A week later he went to stay with ‘dear old Attwood’, at this time aged sixty-four, Mendelssohn being twenty or twenty-one. The house still stands, but with the addition of the wing on the right which now occupies the site of the habitat of Attwood’s white donkey. Mendelssohn writes: ‘In my bedroom luckily stands old Attwood’s music cupboard: and after finding the other day no end of Te Deums by Croft, [4] twenty Anthems of Boyce’s, [5] and Purcell’s Psalms, what should meet my eye in three big volumes but ‘Euryanthe: Score!’[6] That was a find!’ (Mendelssohn always thought ‘Der du die Unschuld kenns’ [7] in G flat sounded like brass: and here he found it scored for three trombones, trumpets, two horns in E flat and, two horns in D flat!).
Klingemann [8] describes a Sunday. ‘In Norwood lives one of the most distinguished donkeys that ever ate thistles: but he lives entirely on corn! A plump, milk-white animal, full of vivacity and talent, appointed to draw a very diminutive four-wheeled vehicle. In the said vehicle sat Felix, who by and by got out of his carriage and walked with us: and a caravan, consisting of one lady, four young men, the vehicle with the milk-white donkey and three dogs moved placidly up the hill and into the village’”.
The gate-bell. During his visit to Attwood’s, Mendelssohn had to return one evening to London to meet a party. He was extemporising, when the gate-bell announced the arrival of the carriage. The summons remained unheeded, but again the bell was rung repeatedly. Mendelssohn reluctantly started. Before going to bed (in London), he wrote ‘The Evening Bell,’ [9] for harp and pianoforte (Miss Attwood played the harp), and sent it next day to Norwood. The gate-bell note (A) comes in frequently. The piece is published by Messrs. Chappell in original form and also for piano solo and duet. Mendelssohn again stayed at Norwood in the spring of 1832, after hearing of the death of his old master, Zelter [10]; lilacs, apple-blossom, gymnastics in the garden. Here he composed part of his ‘Son and Stranger’ [11] and his E minor Capriccio (Op. 16) [12] is dated Norwood, Surrey, November 18th 1829 (i.e., first visit) though actually composed in Wales in the previous August. Mendelssohn dedicated his “Three Preludes and Fugues for the Organ” (Op. 37) to Attwood.

Extract from Musical Opinion - A Musical Pilgrimage in Vanishing London Published April 1925 (with minor edits)

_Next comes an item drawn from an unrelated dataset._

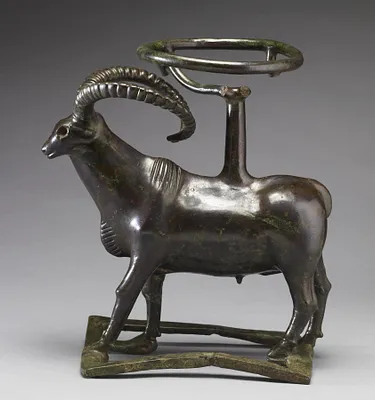 Stand in the Shape of an Ibex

With thanks to the Chairman of The Norwood Society for permission to use this text and photo.

Notes
[1] James Nares (1715 – 1783) organist and composer.
[2] Edmund Ayrton (1734 –1808) was an English organist who was Master of the Children of the Chapel Royal.
[3] Gaetano Latilla (1711 – 1788) was an Italian opera composer,
[4] William Croft (baptized 30 December 1678 – 14 August 1727) was an English composer and organist
[5] William Boyce (baptized 11 September 1711-1779) is widely regarded as one of the most important English-born composers of the 18th century.
[6] Euryanthe: and opera by Carl Maria Weber (libretto by Helmina von Chézy (1783-1856) first performed at the Kärntnertortheater in Vienna in 1823.
[7] Karl Klingemann (1798-1862) was secretary of the Hanoverian Legation in Berlin. He was located in London from 1828. He was also a gifted poet. He was Felix Mendelssohn’s companion on his travels to Scotland.
[8] ‘The Evening Bell,’ Q 20 The Evening Bell B-Dur für Harfe und Klavier (Bb major for harp and piano).  Hardly one of the composer’s masterpieces.
[9] Carl Friedrich Zelter (1758-1832) was a German composer, conductor and teacher of music.
[10 Die Heimkehr aus der Fremde (often referred to in English as Son and Stranger) is a one-act Singspiel written by Felix Mendelssohn in 1829 to a German libretto by Karl Klingemann, who would later provide the same service for the oratorio Elijah.  [Wikipedia]
[11] ‘E minor Capriccio, Op. 16.’ This was the second of three pieces making up Op.16, Three Caprices. The first was a Fantasia in A minor and the third was a Fantasia in E major ("The Rivulet"). The piece referred to here was actually entitled a Caprice or Scherzo in E minor.